Sunday, May 22, 2016


Every few summers we travel to Oxford to take a class and live on campus--The Oxford Experience.  I've posted about our previous trips in the past--loved every one of them.  Our Oxford Experience trips are combined with a one week visit to a country we haven't traveled and then an additional five nights somewhere new to us in the English countryside.

Last summer we chose Northumberland England and loved every mile of it.  We flew from Bergen to Oslo to Edinburgh and then drove about 90 minutes south to Lindinsfarne Castle on Holy Island.  Apparently I did not take the classic picture of Lindinsfarne Castle but that is most likely because I was driving across the tidal causeway.  Kind of exciting checking safe crossing times before we scheduled our trip.

This is the view from the garden designed by Gertrude Jekyll.  Gertrude designed the gardens and area surrounding the castle while Edwin Lutyens renovated the interiors back in the early 1900's.  What a treat to see their work in person.

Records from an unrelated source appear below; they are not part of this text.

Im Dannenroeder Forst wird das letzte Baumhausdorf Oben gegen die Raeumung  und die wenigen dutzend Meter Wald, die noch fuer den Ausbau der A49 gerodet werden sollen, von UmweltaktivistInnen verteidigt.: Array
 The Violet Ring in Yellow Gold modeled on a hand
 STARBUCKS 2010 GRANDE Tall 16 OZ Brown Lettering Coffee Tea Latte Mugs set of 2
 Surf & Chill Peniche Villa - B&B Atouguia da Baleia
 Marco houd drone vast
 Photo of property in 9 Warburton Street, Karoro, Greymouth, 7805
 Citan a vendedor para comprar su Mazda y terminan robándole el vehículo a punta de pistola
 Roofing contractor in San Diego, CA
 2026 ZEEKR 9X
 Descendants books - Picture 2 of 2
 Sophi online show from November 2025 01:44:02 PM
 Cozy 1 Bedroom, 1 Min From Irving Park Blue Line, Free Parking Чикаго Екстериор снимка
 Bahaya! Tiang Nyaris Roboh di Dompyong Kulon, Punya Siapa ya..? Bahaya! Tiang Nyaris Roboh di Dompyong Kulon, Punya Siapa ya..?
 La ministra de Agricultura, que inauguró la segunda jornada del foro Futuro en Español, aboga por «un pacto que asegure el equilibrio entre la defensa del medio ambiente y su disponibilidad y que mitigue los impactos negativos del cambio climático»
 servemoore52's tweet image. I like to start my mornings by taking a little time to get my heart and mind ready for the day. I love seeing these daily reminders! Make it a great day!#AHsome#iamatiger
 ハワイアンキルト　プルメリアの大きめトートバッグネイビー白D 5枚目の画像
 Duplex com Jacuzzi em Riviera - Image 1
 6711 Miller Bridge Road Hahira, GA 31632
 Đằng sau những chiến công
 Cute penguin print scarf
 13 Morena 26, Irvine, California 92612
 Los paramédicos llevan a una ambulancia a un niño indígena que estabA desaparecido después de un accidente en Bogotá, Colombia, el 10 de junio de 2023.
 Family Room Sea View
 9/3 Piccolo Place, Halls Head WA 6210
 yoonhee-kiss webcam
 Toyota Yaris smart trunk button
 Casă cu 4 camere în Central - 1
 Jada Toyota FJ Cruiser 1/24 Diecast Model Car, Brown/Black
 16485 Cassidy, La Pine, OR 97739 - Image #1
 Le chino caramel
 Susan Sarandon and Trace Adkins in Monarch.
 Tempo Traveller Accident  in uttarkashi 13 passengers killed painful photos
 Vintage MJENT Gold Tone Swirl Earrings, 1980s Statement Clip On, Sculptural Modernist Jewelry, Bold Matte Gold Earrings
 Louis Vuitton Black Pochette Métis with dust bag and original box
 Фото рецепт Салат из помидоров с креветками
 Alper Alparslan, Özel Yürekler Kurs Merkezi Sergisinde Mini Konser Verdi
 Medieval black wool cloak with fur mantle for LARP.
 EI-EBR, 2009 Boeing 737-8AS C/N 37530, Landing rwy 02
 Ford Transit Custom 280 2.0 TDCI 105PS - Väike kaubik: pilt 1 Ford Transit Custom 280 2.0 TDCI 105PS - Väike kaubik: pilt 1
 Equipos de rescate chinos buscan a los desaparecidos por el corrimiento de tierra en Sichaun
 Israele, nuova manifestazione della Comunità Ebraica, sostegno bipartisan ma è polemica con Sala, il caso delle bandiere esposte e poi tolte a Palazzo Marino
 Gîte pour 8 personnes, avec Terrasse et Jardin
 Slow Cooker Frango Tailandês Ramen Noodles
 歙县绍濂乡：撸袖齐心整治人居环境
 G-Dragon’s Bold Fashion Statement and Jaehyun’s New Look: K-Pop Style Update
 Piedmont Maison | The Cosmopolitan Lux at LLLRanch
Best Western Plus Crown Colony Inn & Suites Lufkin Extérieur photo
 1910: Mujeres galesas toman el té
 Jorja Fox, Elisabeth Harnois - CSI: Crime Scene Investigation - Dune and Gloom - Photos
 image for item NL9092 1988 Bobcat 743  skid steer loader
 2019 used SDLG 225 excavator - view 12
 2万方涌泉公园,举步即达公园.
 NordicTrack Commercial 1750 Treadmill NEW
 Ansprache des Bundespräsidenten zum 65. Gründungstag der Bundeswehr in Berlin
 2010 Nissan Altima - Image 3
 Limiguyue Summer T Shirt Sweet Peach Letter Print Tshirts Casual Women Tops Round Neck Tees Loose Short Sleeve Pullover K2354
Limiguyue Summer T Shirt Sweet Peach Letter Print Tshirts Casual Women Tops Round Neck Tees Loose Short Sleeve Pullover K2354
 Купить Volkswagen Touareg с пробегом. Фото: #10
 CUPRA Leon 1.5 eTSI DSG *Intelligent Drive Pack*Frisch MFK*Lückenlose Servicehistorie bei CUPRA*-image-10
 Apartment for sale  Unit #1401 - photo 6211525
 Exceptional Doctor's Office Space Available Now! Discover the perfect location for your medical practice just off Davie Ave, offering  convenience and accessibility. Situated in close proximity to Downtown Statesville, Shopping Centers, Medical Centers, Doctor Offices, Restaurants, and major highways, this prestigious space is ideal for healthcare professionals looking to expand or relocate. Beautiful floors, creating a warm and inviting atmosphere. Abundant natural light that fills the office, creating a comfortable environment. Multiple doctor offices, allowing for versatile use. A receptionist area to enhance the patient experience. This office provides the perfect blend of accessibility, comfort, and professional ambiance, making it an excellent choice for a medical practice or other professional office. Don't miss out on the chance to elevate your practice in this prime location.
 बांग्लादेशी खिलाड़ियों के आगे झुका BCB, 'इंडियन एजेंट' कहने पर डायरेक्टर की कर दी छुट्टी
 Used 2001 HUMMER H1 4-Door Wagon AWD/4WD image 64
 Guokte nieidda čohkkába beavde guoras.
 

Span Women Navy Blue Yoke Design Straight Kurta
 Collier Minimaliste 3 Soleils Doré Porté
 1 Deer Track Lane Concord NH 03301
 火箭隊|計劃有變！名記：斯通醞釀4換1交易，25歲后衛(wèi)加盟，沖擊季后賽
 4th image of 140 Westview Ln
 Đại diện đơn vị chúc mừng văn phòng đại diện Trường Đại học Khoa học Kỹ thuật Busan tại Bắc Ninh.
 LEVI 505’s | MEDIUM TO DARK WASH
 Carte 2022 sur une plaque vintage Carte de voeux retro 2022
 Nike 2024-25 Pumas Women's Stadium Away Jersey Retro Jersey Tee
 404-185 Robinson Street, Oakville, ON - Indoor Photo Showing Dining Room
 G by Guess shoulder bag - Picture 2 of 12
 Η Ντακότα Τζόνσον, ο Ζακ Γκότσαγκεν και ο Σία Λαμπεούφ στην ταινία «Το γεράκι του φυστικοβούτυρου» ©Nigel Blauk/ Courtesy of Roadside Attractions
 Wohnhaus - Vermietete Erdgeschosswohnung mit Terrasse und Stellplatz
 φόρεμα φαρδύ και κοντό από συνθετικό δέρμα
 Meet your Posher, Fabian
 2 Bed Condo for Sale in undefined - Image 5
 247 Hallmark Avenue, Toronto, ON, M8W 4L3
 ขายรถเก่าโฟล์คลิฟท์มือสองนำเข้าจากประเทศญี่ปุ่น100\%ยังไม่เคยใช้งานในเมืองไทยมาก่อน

The above pic is one of my favorite rooms in the house and it just kills me I couldn't get a better shot--it was dark in the house and crowded--that is my sad little excuse.

Edward Hudson, founder and publisher of Country Life magazine, bought this property in 1901.  At the time, it was a crumbling castle built sometime around the mid-1500's.  Hudson commissioned Edwin Lutyens, a young architect, and Gertrude Jekyll, famous gardener, (otherwise known as Ned and Bumps!), to transform the place and make it Hudson's holiday retreat.

                                                                           The Study

                                    The walled garden with the North Sea on the other side

Gertrude Jekyll's work is impressive--cannot image having success growing flowers with all the wind, stony ground, and right on the coastline.  Of course, that's why it's inside a walled garden.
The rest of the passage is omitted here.